Australian Dollar FAQs
One of the most significant factors for the Australian Dollar (AUD) is the level of interest rates set by the Reserve Bank of Australia (RBA). Because Australia is a resource-rich country another key driver is the price of its biggest export, Iron Ore. The health of the Chinese economy, its largest trading partner, is a factor, as well as inflation in Australia, its growth rate and Trade Balance. Market sentiment – whether investors are taking on more risky assets (risk-on) or seeking safe-havens (risk-off) – is also a factor, with risk-on positive for AUD.
The Reserve Bank of Australia (RBA) influences the Australian Dollar (AUD) by setting the level of interest rates that Australian banks can lend to each other. This influences the level of interest rates in the economy as a whole. The main goal of the RBA is to maintain a stable inflation rate of 2-3% by adjusting interest rates up or down. Relatively high interest rates compared to other major central banks support the AUD, and the opposite for relatively low. The RBA can also use quantitative easing and tightening to influence credit conditions, with the former AUD-negative and the latter AUD-positive.
China is Australia’s largest trading partner so the health of the Chinese economy is a major influence on the value of the Australian Dollar (AUD). When the Chinese economy is doing well it purchases more raw materials, goods and services from Australia, lifting demand for the AUD, and pushing up its value. The opposite is the case when the Chinese economy is not growing as fast as expected. Positive or negative surprises in Chinese growth data, therefore, often have a direct impact on the Australian Dollar and its pairs.
Iron Ore is Australia’s largest export, accounting for $118 billion a year according to data from 2021, with China as its primary destination. The price of Iron Ore, therefore, can be a driver of the Australian Dollar. Generally, if the price of Iron Ore rises, AUD also goes up, as aggregate demand for the currency increases. The opposite is the case if the price of Iron Ore falls. Higher Iron Ore prices also tend to result in a greater likelihood of a positive Trade Balance for Australia, which is also positive of the AUD.

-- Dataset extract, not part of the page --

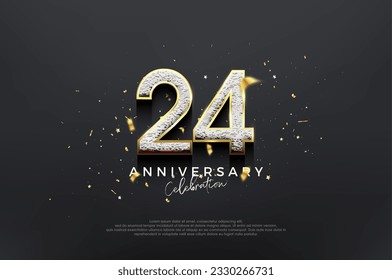 Simple elegant design, 24th anniversary celebration with luxurious shiny glitter numbers. Premium vector background for greeting and celebration.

The Trade Balance, which is the difference between what a country earns from its exports versus what it pays for its imports, is another factor that can influence the value of the Australian Dollar. If Australia produces highly sought after exports, then its currency will gain in value purely from the surplus demand created from foreign buyers seeking to purchase its exports versus what it spends to purchase imports. Therefore, a positive net Trade Balance strengthens the AUD, with the opposite effect if the Trade Balance is negative.